About this task:
Return the records below exactly; pictures stay out.

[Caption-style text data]
━━━━━━

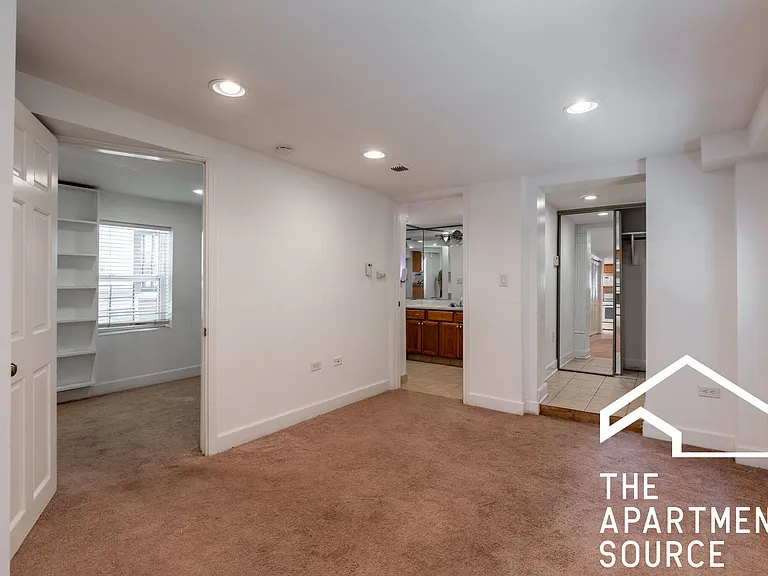 1821 W Cortland St #CH1 — Photo 6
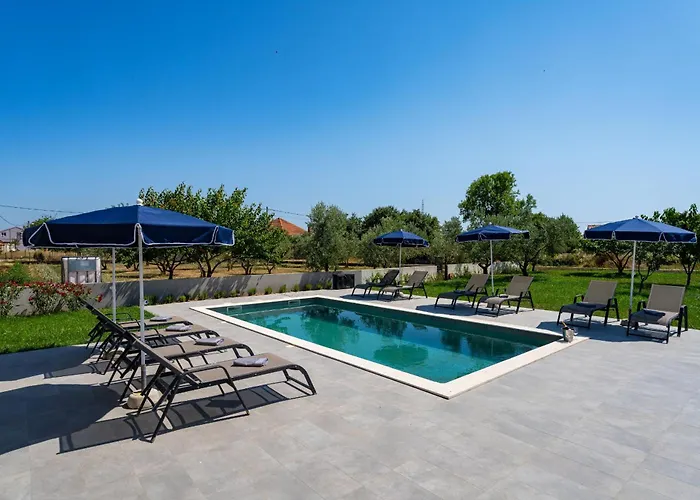 Vakantiehuis My Dalmatia - Campi Dalmatia With Private Heated Pool And Sauna Galovac (Zadar)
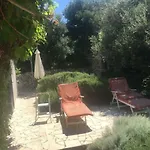 펜션 Idyllisches Haus An Weingaerten 30 M Von Kiesstrand
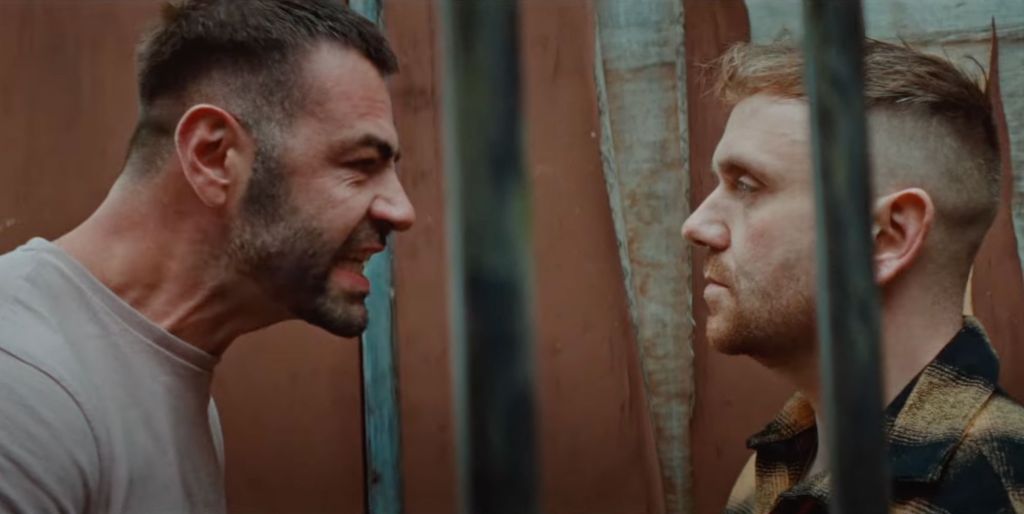 David Tag joue Jake dans les départs, un homme corrompu par la honte gay et l'abandon.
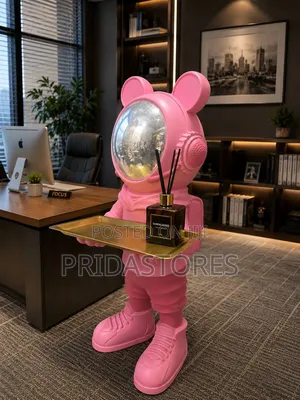 Floor Astronaut Tray Decor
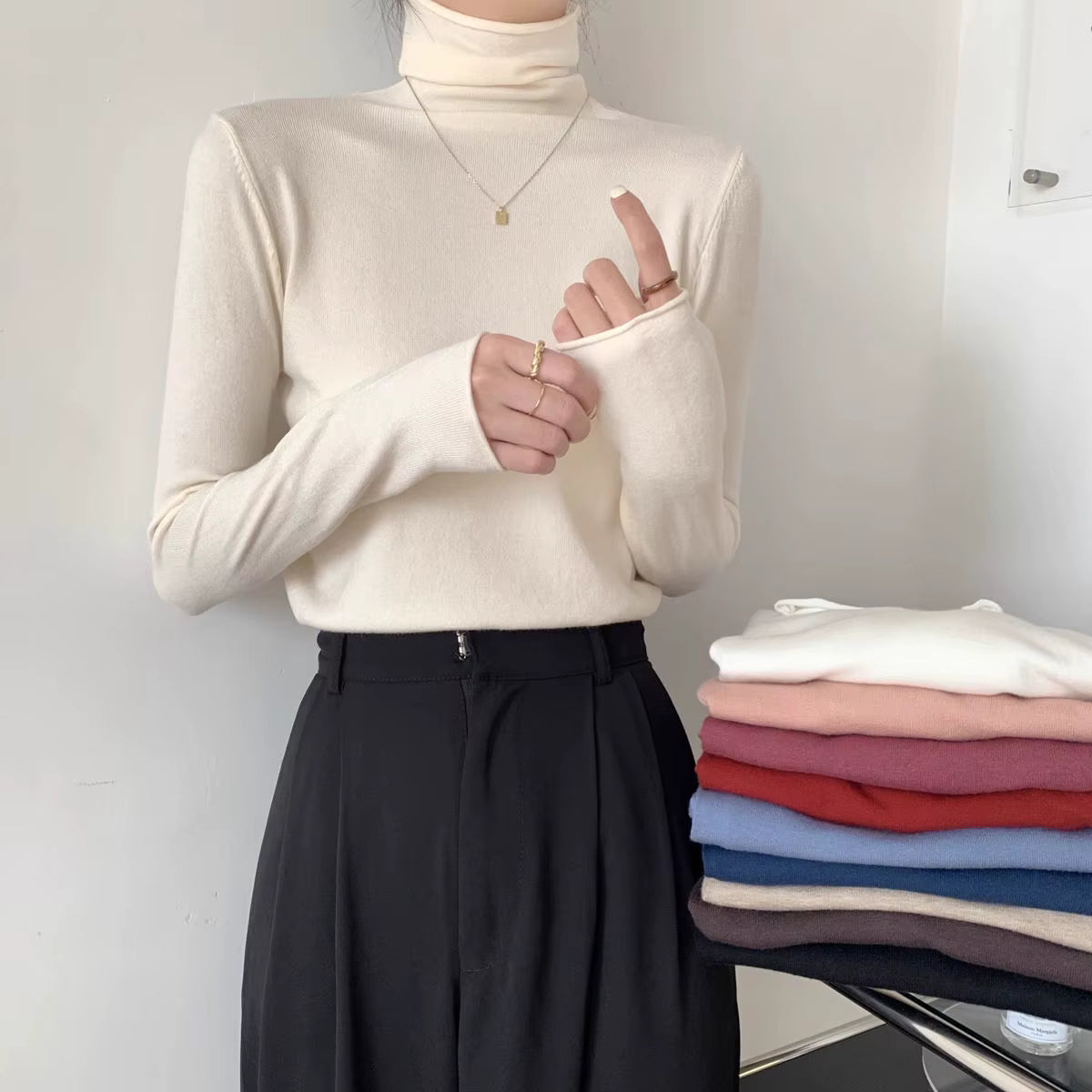 Elegant Turtleneck Knit Pullover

━━━━━━

Output for this task:
 1821 W Cortland St #CH1 — Photo 6
 Vakantiehuis My Dalmatia - Campi Dalmatia With Private Heated Pool And Sauna Galovac (Zadar)
 펜션 Idyllisches Haus An Weingaerten 30 M Von Kiesstrand
 David Tag joue Jake dans les départs, un homme corrompu par la honte gay et l'abandon.
 Floor Astronaut Tray Decor
 Elegant Turtleneck Knit Pullover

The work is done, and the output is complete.